Bliebe für den Notfall noch Plan B: Die EU müsste überschuldeten Staaten mit Überbrückungskrediten beispringen. Auch hier wären heftigste Proteste programmiert: Künftig würden sich dann auch andere Länder nicht länger mit einer Sanierung ihres Haushalts abmühen, so die Befürchtung, sondern sich einfach auf die EU verlassen. Der Maastricht-Vertrag enthält deshalb sogar die Klausel, dass die EU nicht für überschuldete Euro-Länder einsteht. Aber dass die EU auf der Klausel besteht, wenn es hart auf hart kommt, gilt als unwahrscheinlich. Denn was wäre die Alternative? Wäre etwa Griechenland erst einmal zahlungsunfähig, würden alle Investoren sofort ihre verbrannten Finger von Staatsanleihen der anderen Problemstaaten lassen. Die kämen dann auf einmal kaum noch an Geld beziehungsweise müssten horrende Aufschläge dafür zahlen. Eine Massenspekulation auf eine Pleite weiterer Euro-Länder würde einsetzen. Gleich Dominosteinen fiele als Nächstes vielleicht Portugal, dann Spanien. Italien könnte der nächste Kandidat sein. Oder Irland. Und dann hätten die Euro-Skeptiker recht bekommen, dann wäre der Euro Geschichte.

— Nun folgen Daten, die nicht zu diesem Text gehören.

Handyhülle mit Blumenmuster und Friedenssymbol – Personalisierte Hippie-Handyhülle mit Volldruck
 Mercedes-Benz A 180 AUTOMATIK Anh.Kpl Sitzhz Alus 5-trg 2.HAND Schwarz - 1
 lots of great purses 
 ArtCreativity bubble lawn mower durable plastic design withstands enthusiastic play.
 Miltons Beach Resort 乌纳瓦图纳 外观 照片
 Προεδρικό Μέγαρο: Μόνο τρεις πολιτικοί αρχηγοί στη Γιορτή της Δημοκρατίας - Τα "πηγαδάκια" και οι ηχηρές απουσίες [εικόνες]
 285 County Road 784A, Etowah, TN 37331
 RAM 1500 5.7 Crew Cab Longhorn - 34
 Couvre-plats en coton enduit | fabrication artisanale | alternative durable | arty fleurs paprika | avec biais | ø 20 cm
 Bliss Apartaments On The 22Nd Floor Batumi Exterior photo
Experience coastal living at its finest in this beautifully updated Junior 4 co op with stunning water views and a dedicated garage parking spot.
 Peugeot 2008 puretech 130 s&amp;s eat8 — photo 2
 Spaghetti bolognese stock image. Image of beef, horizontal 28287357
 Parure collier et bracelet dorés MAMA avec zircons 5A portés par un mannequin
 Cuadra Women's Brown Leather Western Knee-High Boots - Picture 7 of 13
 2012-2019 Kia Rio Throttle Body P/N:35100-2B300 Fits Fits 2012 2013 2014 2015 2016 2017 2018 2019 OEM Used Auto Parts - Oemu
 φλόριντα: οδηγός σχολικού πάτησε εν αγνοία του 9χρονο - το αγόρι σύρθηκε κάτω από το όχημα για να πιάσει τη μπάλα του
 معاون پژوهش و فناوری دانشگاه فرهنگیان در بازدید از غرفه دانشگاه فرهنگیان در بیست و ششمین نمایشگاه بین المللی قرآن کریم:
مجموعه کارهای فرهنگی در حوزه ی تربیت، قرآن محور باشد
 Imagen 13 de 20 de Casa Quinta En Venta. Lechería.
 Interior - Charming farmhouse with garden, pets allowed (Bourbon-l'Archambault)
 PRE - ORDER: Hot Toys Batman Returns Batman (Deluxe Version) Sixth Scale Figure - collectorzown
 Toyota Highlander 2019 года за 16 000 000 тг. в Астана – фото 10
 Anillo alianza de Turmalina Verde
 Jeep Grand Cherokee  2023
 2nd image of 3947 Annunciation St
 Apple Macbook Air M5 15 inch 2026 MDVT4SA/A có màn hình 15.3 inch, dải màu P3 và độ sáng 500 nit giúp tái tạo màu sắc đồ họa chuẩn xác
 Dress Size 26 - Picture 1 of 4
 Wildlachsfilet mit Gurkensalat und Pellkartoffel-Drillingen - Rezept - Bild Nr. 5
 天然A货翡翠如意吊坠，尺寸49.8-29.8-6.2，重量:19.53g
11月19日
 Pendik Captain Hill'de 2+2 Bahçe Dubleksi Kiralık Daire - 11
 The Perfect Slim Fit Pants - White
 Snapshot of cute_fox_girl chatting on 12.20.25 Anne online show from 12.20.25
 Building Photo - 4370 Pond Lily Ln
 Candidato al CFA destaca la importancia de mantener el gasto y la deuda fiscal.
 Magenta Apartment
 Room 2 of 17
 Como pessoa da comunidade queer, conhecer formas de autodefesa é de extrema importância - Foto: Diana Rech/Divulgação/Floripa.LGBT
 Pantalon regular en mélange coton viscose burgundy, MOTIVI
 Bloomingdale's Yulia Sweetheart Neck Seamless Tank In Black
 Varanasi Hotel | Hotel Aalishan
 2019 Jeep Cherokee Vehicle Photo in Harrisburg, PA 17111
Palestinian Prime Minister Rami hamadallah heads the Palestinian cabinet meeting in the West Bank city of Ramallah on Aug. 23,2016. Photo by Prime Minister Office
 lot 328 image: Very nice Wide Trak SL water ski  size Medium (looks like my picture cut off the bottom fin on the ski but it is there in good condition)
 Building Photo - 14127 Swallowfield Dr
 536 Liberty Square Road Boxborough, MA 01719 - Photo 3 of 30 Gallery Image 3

So weit wird es die EU nicht kommen lassen, und auch der bis vor kurzem noch so hartleibige Finanzminister Steinbrück scheint sich angesichts der Zuspitzung der Probleme in den vergangenen Wochen eines Besseren zu besinnen. Auf ein Auseinanderbrechen der Währungsunion angesprochen, sagte er: "Können Sie sich vorstellen, dass irgendjemand so etwas auch nur in Kauf nehmen könnte?" Das sei "völlig absurd" mit Blick auf die öffentlichen Folgen. "Sollte Deutschland am Ende vor der Wahl stehen, zu helfen oder einem Bankrott zuzusehen, werden wir gemeinsam mit anderen tätig werden müssen", zitiert die Süddeutsche Zeitung aus Regierungskreisen. Schließlich hat gerade der Exportweltmeister Deutschland ein enormes Interesse daran, seine Handelspartner nicht pleitegehen zu lassen und ein Wechselkurschaos zu verhindern.
Kurzfristig lassen sich die Probleme der Währungsunion mit Beistandskrediten jedenfalls lösen, ist sich der Ökonom Hickel daher sicher. Aber was muss mittelfristig passieren, um ein Auseinanderdriften der Euro-Staaten zu vermeiden? Die Problemstaaten müssen ihre Wettbewerbsfähigkeit verbessern, fordert Rating-Experte Kraemer: "Inflation und Lohnstückkosten müssen über längere Zeit unterhalb des Niveaus der Eurozone insgesamt liegen, so wie dies Deutschland mit einigem Erfolg gemacht hat." Hickel sieht aber nicht nur die Defizitländer in der Pflicht. Die Kehrseite der Defizite seien schließlich die Überschüsse von Ländern wie Deutschland. "Die Währungsunion ist auch bedroht durch die aggressive Exportstrategie der Bundesrepublik, die nicht zuletzt auf immer niedrigeren Lohnkosten basiert", sagt Hickel. "Aber die Lösung ist jetzt nicht die Abwicklung des Euro, sondern seine Weiterentwicklung in Richtung einer Wirtschaftsunion, inklusive einer gemeinschaftlichen Lohn- und Beschäftigungspolitik."